Let’s start with defining the pattern which needs to be searched for. In this example, we will search for all the *txt file / directory names recursively in any given directory. This can be done with getPathMatcher() in FileSystems

PathMatcher pathMatcher = FileSystems.getDefault().getPathMatcher("glob:" + "*txt*");

Now, let’s initiate the search by calling walkFileTree() as mentioned below. We are not defining anything specific for symbolic links so, by default its NO_FOLLOW.

Files.walkFileTree(Paths.get("D://Search"), fileVisitor);

Let’s go through the implementations of class SimpleFileVisitor, we will be overriding only visitFile() & preVisitDirectory() in this example, but its a good practice to override all the five methods so that we have more control over the search. The implementation is pretty simple, based on the pattern the below methods will search for a directory or file and print the path.

@Override
public FileVisitResult visitFile(Path filePath, BasicFileAttributes basicFileAttributes) {
    if (filePath.getName() != null && pathMatcher.matches(filePath.getName()))
        System.out.println("FILE: " + filePath);
    return FileVisitResult.CONTINUE;
}

@Override
public FileVisitResult preVisitDirectory(Path directoryPath) {
    if (directoryPath.getName() != null && pathMatcher.matches(directoryPath.getName()))
        System.out.println("DIR: " + directoryPath);
    return FileVisitResult.CONTINUE;
}

Once this is completed, we can use the postVisitDirectory() to perform additional tasks or any cleanup if needed. A sample output from my machine is given below.
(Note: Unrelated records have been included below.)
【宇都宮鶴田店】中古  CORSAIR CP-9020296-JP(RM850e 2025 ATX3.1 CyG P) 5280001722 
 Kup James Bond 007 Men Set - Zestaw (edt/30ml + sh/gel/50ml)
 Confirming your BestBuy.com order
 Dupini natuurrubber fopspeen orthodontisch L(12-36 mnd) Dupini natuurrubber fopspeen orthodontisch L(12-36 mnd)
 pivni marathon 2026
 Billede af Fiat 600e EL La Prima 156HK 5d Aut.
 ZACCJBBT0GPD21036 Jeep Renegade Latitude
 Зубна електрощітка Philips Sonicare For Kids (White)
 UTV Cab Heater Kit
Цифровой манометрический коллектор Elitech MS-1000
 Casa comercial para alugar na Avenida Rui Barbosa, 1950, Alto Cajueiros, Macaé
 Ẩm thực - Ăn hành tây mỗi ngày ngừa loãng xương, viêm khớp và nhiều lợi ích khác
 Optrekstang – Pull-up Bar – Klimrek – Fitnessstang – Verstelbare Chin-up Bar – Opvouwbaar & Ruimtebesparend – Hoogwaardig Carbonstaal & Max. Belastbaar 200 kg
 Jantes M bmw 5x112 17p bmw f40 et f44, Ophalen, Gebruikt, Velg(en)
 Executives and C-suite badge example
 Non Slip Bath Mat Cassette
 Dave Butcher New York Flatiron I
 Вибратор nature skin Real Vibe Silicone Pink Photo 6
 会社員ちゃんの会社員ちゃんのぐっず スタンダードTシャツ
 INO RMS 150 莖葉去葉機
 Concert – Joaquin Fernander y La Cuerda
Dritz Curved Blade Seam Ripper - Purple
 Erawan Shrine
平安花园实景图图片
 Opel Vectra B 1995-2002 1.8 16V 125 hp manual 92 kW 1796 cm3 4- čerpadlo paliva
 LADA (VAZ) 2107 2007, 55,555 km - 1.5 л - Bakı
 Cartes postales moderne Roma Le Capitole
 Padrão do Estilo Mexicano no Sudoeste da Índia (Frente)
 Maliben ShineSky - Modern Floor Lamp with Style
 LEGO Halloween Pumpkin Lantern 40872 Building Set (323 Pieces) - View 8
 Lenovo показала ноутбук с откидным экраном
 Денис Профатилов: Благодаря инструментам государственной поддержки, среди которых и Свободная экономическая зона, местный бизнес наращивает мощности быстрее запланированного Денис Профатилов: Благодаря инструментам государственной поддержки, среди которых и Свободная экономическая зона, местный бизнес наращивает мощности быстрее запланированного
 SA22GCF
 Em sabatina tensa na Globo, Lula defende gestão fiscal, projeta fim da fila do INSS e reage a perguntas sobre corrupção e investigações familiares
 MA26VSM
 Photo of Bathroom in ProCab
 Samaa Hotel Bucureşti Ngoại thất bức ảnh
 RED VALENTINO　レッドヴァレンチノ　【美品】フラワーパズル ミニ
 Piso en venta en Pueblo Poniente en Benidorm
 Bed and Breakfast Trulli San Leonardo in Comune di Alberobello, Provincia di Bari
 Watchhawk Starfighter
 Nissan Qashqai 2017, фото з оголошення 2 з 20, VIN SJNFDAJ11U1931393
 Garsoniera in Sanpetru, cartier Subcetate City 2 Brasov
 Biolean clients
The complete source code is given below. Please note that you need JDK7 to run this code. Source is also available in my github page.

public class NIO2_FileVisitor extends SimpleFileVisitor<Path> {
    private PathMatcher pathMatcher;

    @Override
    public FileVisitResult visitFile(Path filePath, BasicFileAttributes basicFileAttributes) {
        if (filePath.getName() != null && pathMatcher.matches(filePath.getName()))
                System.out.println("FILE: " + filePath);
        return FileVisitResult.CONTINUE;
    }

    @Override
    public FileVisitResult preVisitDirectory(Path directoryPath) {
        if (directoryPath.getName() != null && pathMatcher.matches(directoryPath.getName()))
                System.out.println("DIR: " + directoryPath);
        return FileVisitResult.CONTINUE;
    }

    public static void main(String[] args) throws IOException {
        NIO2_FileVisitor fileVisitor = new NIO2_FileVisitor();
        fileVisitor.pathMatcher = FileSystems.getDefault().getPathMatcher("glob:" + "*txt*");
        Files.walkFileTree(Paths.get("D://Search"), fileVisitor);
    }
}